PCSD students work together to serve community during Martin Luther King, Jr. weekend
February 4, 2019
This year, students from the Parma Senior High and Valley Forge 21st Century Learning Centers took time to give back to their community around Martin Luther King Jr. Day.
After school on January 18, a group of students partnered up with the MyCom Youth Group to assemble comfort cases for children who are emergency-removed from their families and placed in foster care.
“We decided to create these cases when we found out that 2,499 children are in custody of the county and 1,906 of those children have been emergency-removed from their families,” shared Megan Drozda, program manager and site coordinator for the Valley Forge Learning Center. “This means that they may not have had the opportunity to pack a bag of their belongings or they fill a trash bag with their belongings. We wanted to create a bag that would allow the child to have hygiene items of their own, and we hoped this would help to relieve some anxiety for the children entering foster care.”
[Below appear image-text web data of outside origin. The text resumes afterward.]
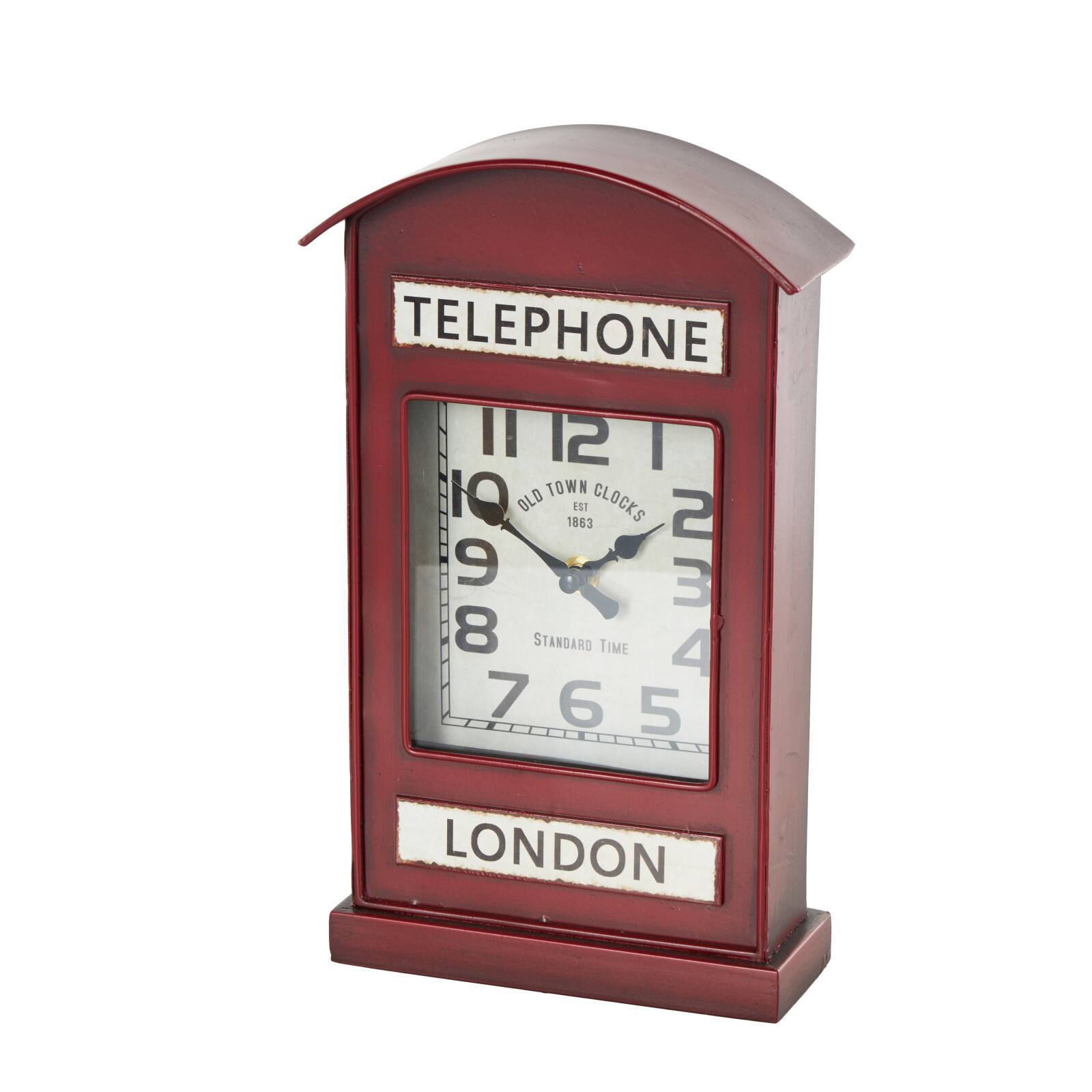 7" x 12" Red London Telephone Booth Inspired Metal Clock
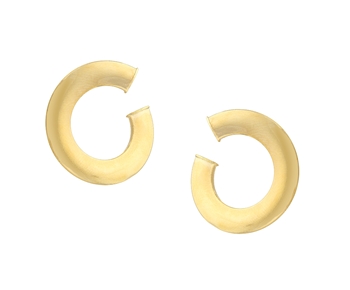 Gold fashion earrings in 14K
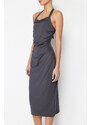 Trendyol Anthracite Elastic Knitted Midi Dress with Slit and Gathered Fitted/Sticky Midi Dress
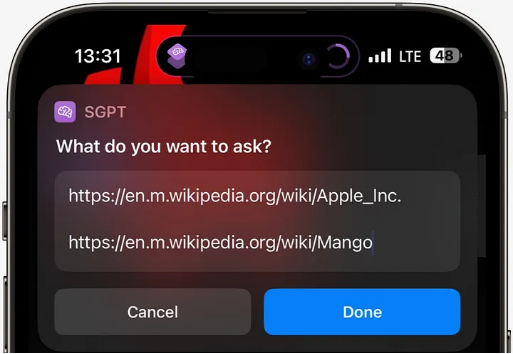 “我在 iPhone 上，創(chuàng)建了個(gè) ChatGPT 快捷方式，這也太萬(wàn)能了……”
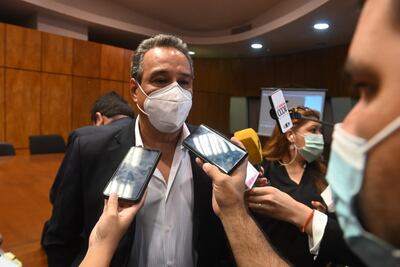 El gobernador de Central, Hugo Javier González, en la Cámara de Diputados el lunes pasado.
The 21st Century Learning Centers received the ServeOhio Martin Luther King Day of Service Grant, to help make this project possible, along with generous donations from the community.
“The main focus of the grant was to support projects that create or improve community assets or infrastructure such as parks, schools, senior centers, community gardens or low-income homes through community volunteer engagement,” Drozda explained. “We could use the grant for supplies and materials as well as volunteer support.”
Students collected a variety of personal care items, such as shampoo, conditioner, deodorant, toothbrushes, toothpaste, combs and hair brushes for the project. They also collected socks, coloring books, crayons, books, small toys and baby care items. Staff and community members throughout the district were invited to donate to the cause.
In total, student volunteers created and donated 66 full comfort cases, as well as multiple bags of extra supplies that could be handed out as needed for emergencies.
“This was an important project for our community because all of these children in foster care live in our county and many of them in live in our city,” Drozda expressed. “We were able to help provide comfort to children who may be these students’ peers and experiencing a hard time. I want my students to learn that there are children in our community who may be experiencing hard times and we need to help them any way we can.”
She added that she hoped students who participated in this project reflected and realized the need to give back to their community.
“I also hope that the students learned to be kind to one another because you never know what anyone else is experiencing,” Drozda said. “Students learned a bit more about the foster care system, as well, and how it is not a negative, as the main goal is for families to work together for reunification.”
PHOTO CAPTION: Students from the 21st Century after school program assembled comfort cases for children who are placed in foster care.